How Schools Can Address Declining Student Attendance at Athletic Events

Justin Suter by on Aug 08, 2017

Since 2009, colleges and universities have observed a disturbing decline in average student attendance at football games, with a 7.1% average decrease across the board. This alarming trend is highlighted in a Bloomberg Businessweek article that cites recent statistics revealing average student attendance at Football Bowl Series, the top-tier of NCAA football, dropped for the seventh straight season. Declining student attendance is particularly concerning for schools because individuals who do not engage with their school’s athletic program as students are not likely to become supportive alumni who donate. Clearly, colleges can no longer sit back and expect the traditional allure of collegiate athletics to fill their stadiums; rather they need to experiment actively in making their athletic events more appealing to students.

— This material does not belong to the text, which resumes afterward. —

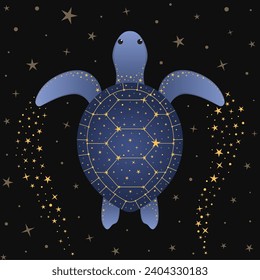 Starry magical turtle float among stars on a night sky. Cute cartoon tortoise swimming in a space ocean, flat vector illustration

So far, three schools beginning to think outside the box include:

  • Florida Atlantic University – Elicited student feedback through surveys. Students are now allowed to use their meal plans to purchase refreshments at sporting events.
  • New Mexico State University – Adopted a “minor-league baseball approach,” featuring family-friendly entertainment.
  • University of Akron – Sponsored a free musical festival before the football team’s first 2016 home game in tandem with a local radio station.

The student section at a University of Michigan home game is sparsely filled.

Michigan averaged the highest attendance among FBS schools in 2016.

Another potential solution to the attendance problem is SuperFanU, an online platform used by schools such as Michigan, Florida and the University of South Carolina. The program provides a framework for school administrators to add events to a calendar and to assign differing levels of points for each event. Students download the app with the calendar of events and check in to those events for points; the idea is to accumulate the highest number of points to qualify for prizes. The app uses geofencing to set the check-in area, and once students cross this virtual threshold they can log in to earn the designated points. The app lists everyone who has checked in, allowing officials to select individuals from the list randomly to award a prize. A message feature also lets administrators contact fans directly. Schools can give away prizes at events’ halftimes or intermissions but can also choose to create a year-long competition to see who can become the ultimate fan. Anyone who downloads the app can see the leaderboard, which updates following each event. Administrators can set higher point thresholds for big rivalry games and announce in-game giveaways to create a buzz. In addition to athletic events, the app can also help increase participation in plays, concerts, fundraisers and more. Further, students can purchase tickets and merchandise directly from the app, upping the convenience factor.

SuperFanU How It Works Page (Truncated)

Tickets sales and donations are two hugely important aspects of collegiate athletics programs’ bottom lines. The universities that are thinking outside the box when it comes to revenue generation, and those adopting programs like SuperFanU, stand the best chances in terms of reversing the stadium-draining trends.